Laura Pyrak-Nolte and David Nolte, both professors of physics at Purdue used a mathematical scaling relationship to create a tool that reveals a fracture’s potential fluid flow rate, which can then be used to predict flow path and evaluate the hydraulic integrity of a site.

Fractures in rock provide the dominant conductive pathways for fluids to move through the Earth’s crust, influencing a wide range of subsurface human activities including the extraction of hydrocarbons, the sequestration of green house gases and the protection of aquifers. However, fractures are intrinsically heterogeneous and easily modified by natural and human processes. They may be altered geochemically and deformed under stress, affecting fluid flow rates that can vary across many orders of magnitude.

“In nonporous media, you have fractures that have a high heterogeneity, meaning lots of different fractured geometries and fracture scales,” Nolte explained. “You have fractures that can extend for hundreds of meters or you can have small fractures only a few inches in length.”

However, the Purdue researchers have managed to demonstrate that a scaling relationship exists that accounts for spatial correlations in fracture distributions and also captures the behaviour of flow within a fracture.

Although it might seem that a wide variety of fractures types would be different with different fluid flow rates, Pyrak-Nolte said, “Now we have found the single underlying physical principle that explains them all.”

This relationship can be used as a guide for predicting fracture behaviour in models of the subsurface where stresses vary with depth. This relationship also provides a basis for developing remote monitoring of fluid flow among fractures in the Earth’s subsurface.

Another variable that the scientists measured was the stiffness of a fracture, measured with high-frequency waves. Pyrak-Nolte explained that this technology, when paired with the new scaling law, allows for a remote scan of a fracture to reveal the potential fluid flow at a particular site, as well as to monitor potential changes in fluid flow at a site over time.

In order to better understand the research, we have to understand that for hydrologic purposes, a fracture may be viewed as a quasi-two-dimensional network of void spaces through which fluids flow.

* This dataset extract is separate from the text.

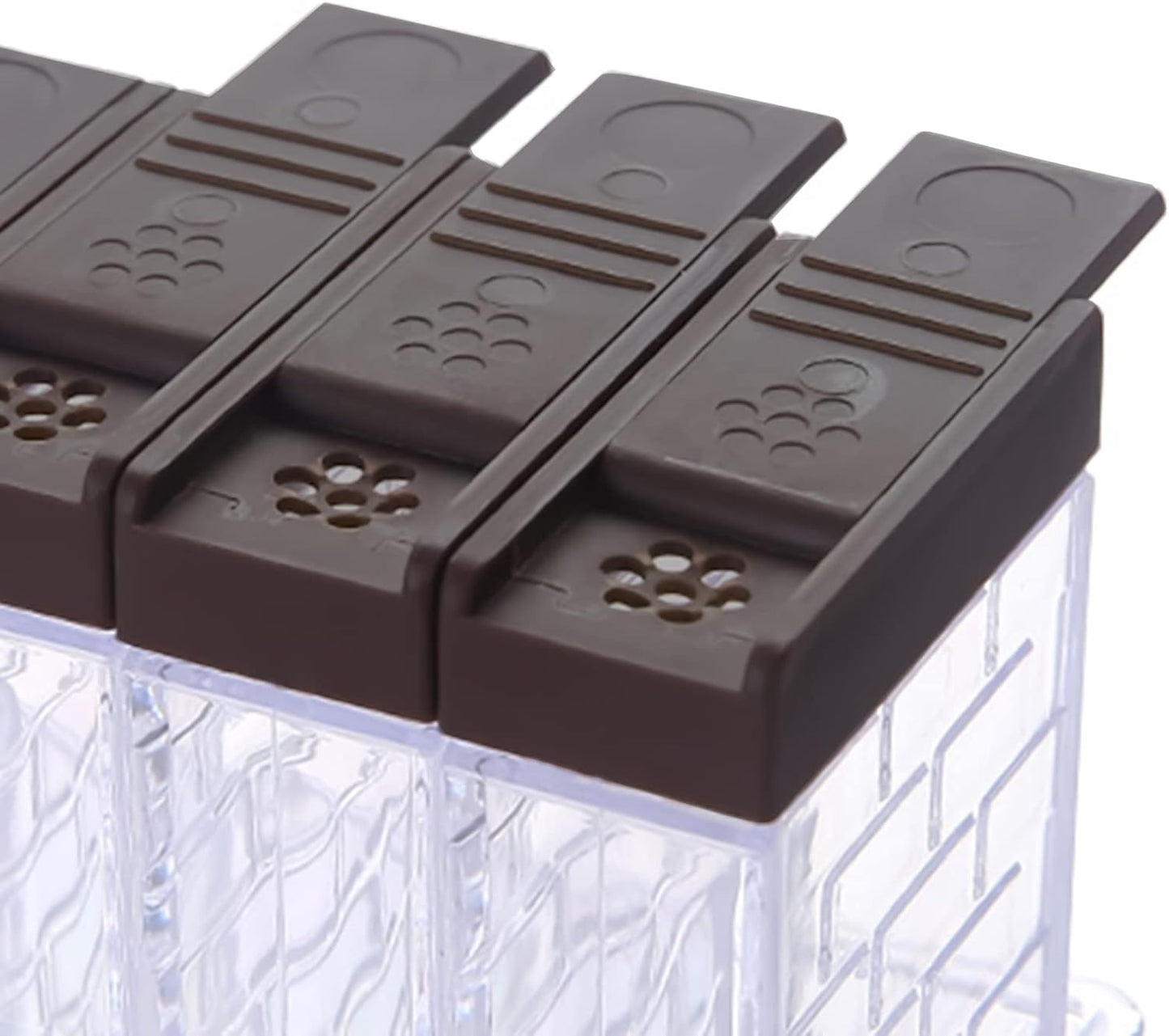 6 Pcs Spice Shaker Jars, Salt and Pepper Shakers, Plastic Spice Dispenser, Salt Shakers, Seasoning Shaker Box, Condiment Set, spice containers (Brown)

Volumetric flow rates are controlled by the size and spatial distribution of the apertures of the void space. On the other hand, the mechanical properties of a fracture are controlled by the asperities, which are the discrete points of contact between the two fracture surfaces.

Apertures and asperities are complementary aspects of the same fracture geometry and each represents an influence network. The connected apertures define a percolation network, whereas the discrete points of contact are connected through the rock matrix as a separate stress network that controls the mechanical deformation of a fracture.

It would appear that the more the asperities – the discrete points between the two fracture surfaces – the more stable (or stiff) the fracture. According to Nolte, it was possible to link the two because both characteristics depended on a shared geometry.

Speaking to The Bakken Magazine, David Nolte said that the research findings have not yet been tested in the field, although the researchers have ran more than 3,600 simulations for each fracture type using Purdue’s Rosen Center for Advanced Computing.

He nevertheless believes that they could be applied to the Bakken and other tight oil shale plays, both for naturally occurring fractures and induced fractures from hydraulic fracturing.